## SUPPLIED MATERIAL

⁂

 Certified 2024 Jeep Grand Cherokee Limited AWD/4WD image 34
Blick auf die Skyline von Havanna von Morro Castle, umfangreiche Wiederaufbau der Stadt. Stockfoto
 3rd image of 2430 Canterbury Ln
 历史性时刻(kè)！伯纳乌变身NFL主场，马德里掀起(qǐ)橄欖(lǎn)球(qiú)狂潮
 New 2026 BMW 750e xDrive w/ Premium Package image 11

⁂

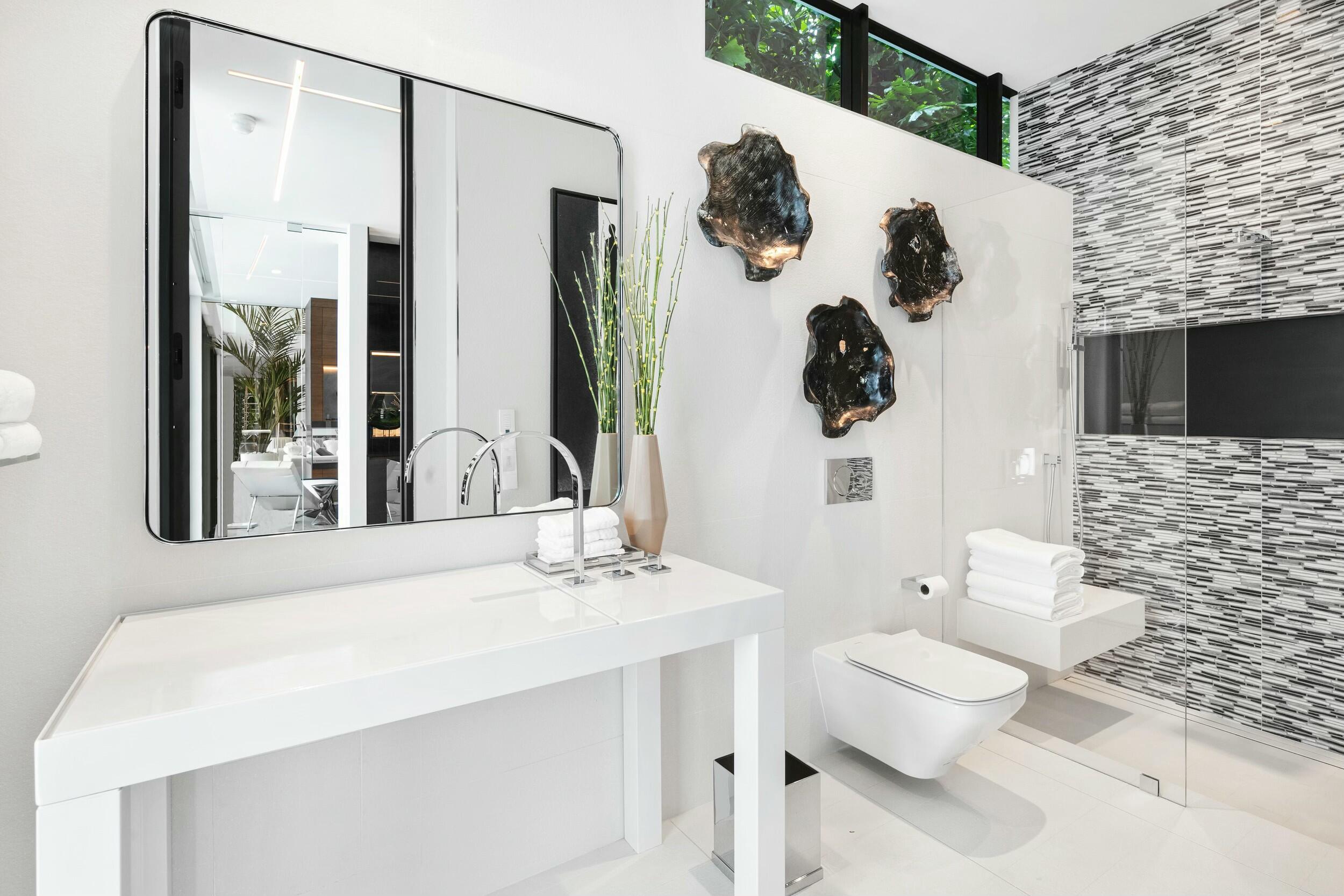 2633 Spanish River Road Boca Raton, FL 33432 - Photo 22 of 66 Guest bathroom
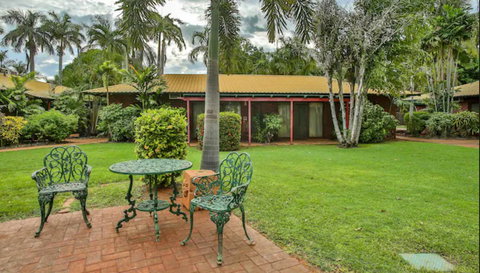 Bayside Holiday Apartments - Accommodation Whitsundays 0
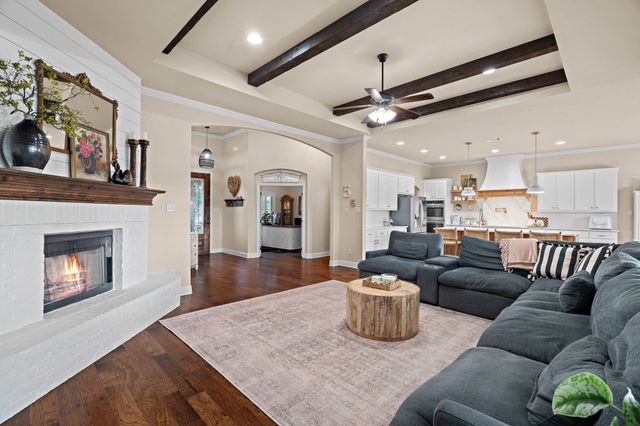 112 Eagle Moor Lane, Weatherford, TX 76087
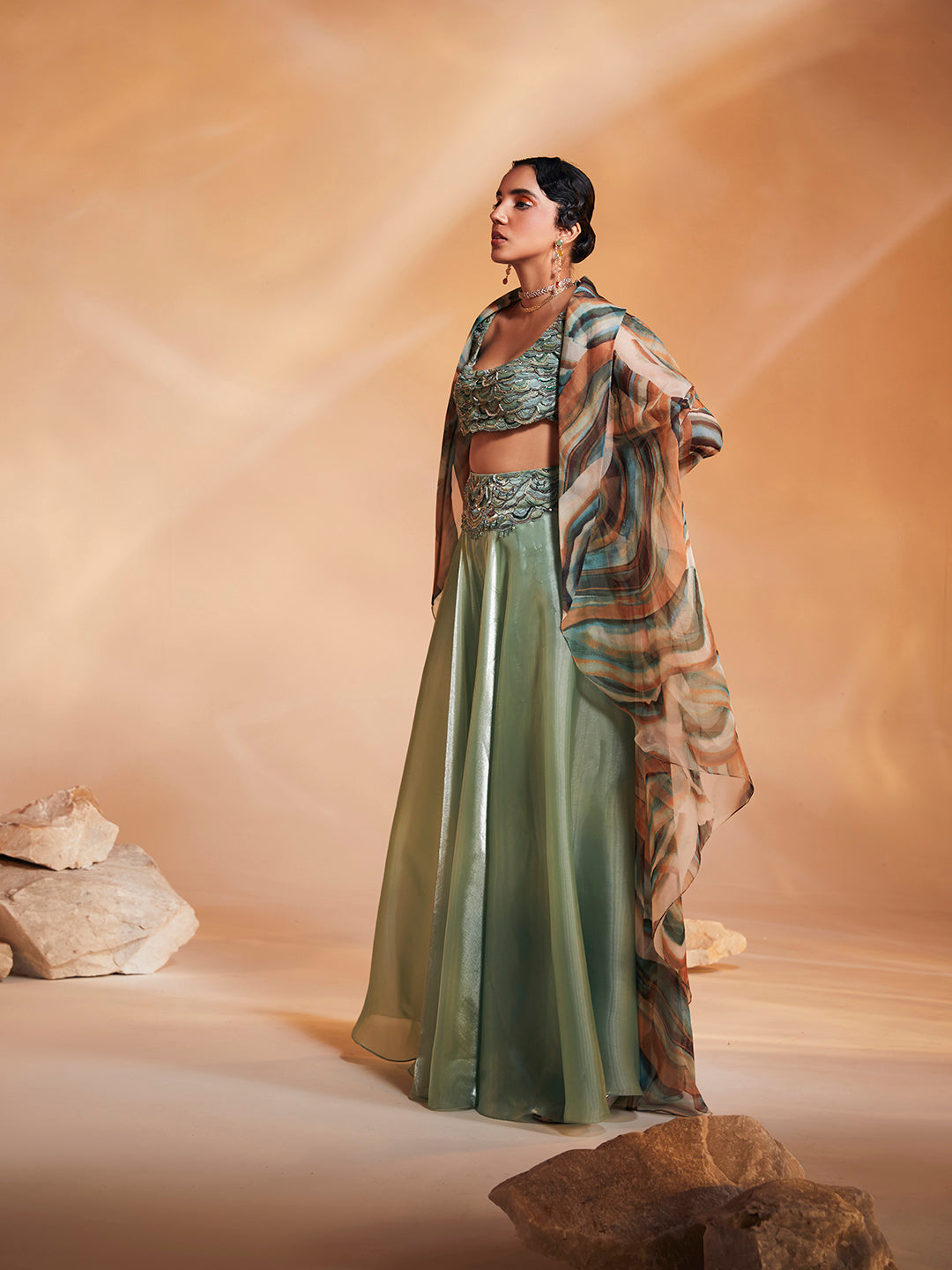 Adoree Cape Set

⁂

## TASK BRIEF
Everything from the line containing "3rd image of 2430 Canterbury Ln" through the line containing "New 2026 BMW" in the material above should be retyped exactly, both ends included, and nothing more.

## THE ANSWER
 3rd image of 2430 Canterbury Ln
 历史性时刻(kè)！伯纳乌变身NFL主场，马德里掀起(qǐ)橄欖(lǎn)球(qiú)狂潮
 New 2026 BMW 750e xDrive w/ Premium Package image 11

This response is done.